> _Data_:
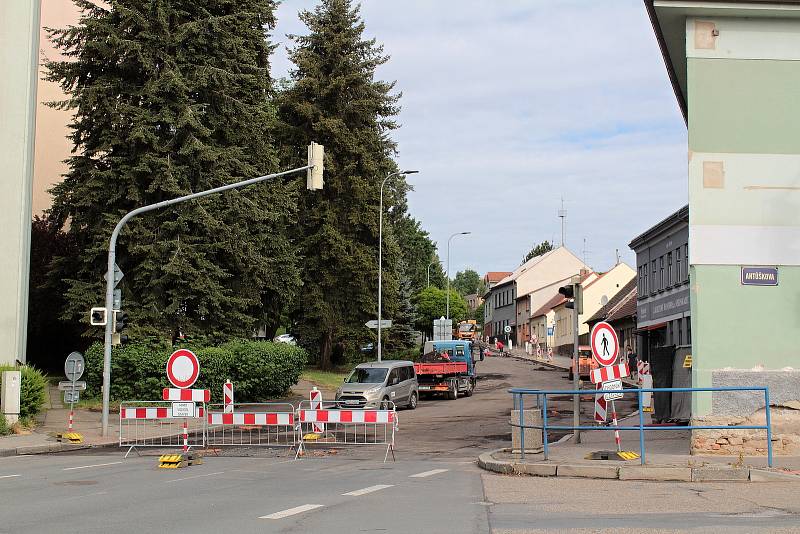 Z rekonstrukce povrchu silnice v Nové pražské ulici v Benešově.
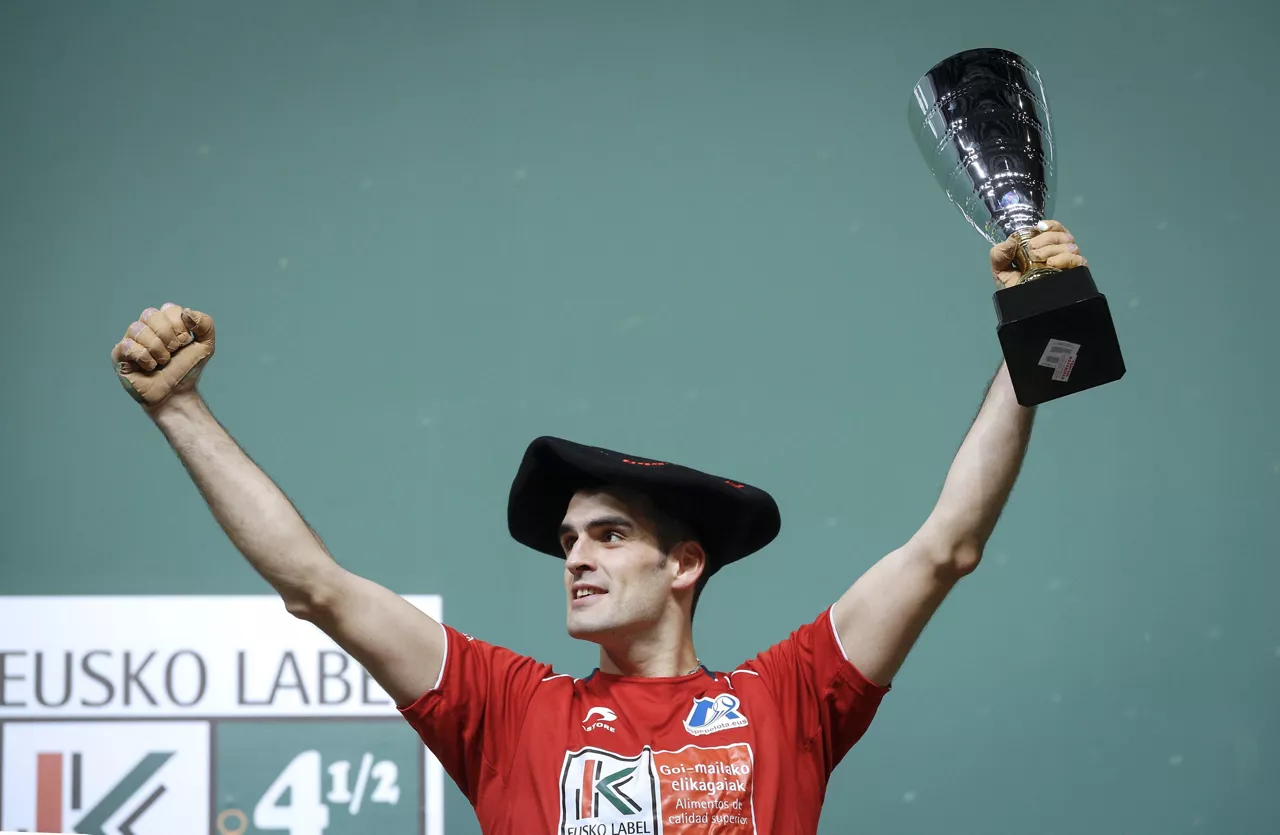 JOSEBA EZKURDIA TXAPELDUN EFE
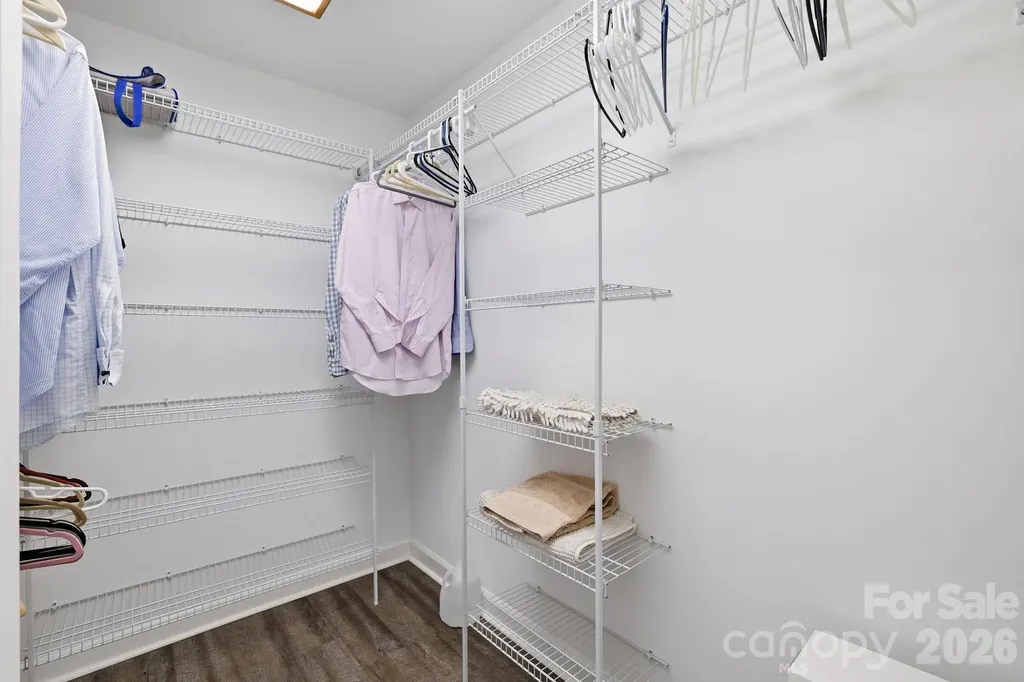 4612 Deanscroft Drive Charlotte NC 28226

> _Work to be completed_:
The complete listing must be transcribed verbatim, and all pictures are to be omitted.

> _Response_:
 Z rekonstrukce povrchu silnice v Nové pražské ulici v Benešově.
 JOSEBA EZKURDIA TXAPELDUN EFE
 4612 Deanscroft Drive Charlotte NC 28226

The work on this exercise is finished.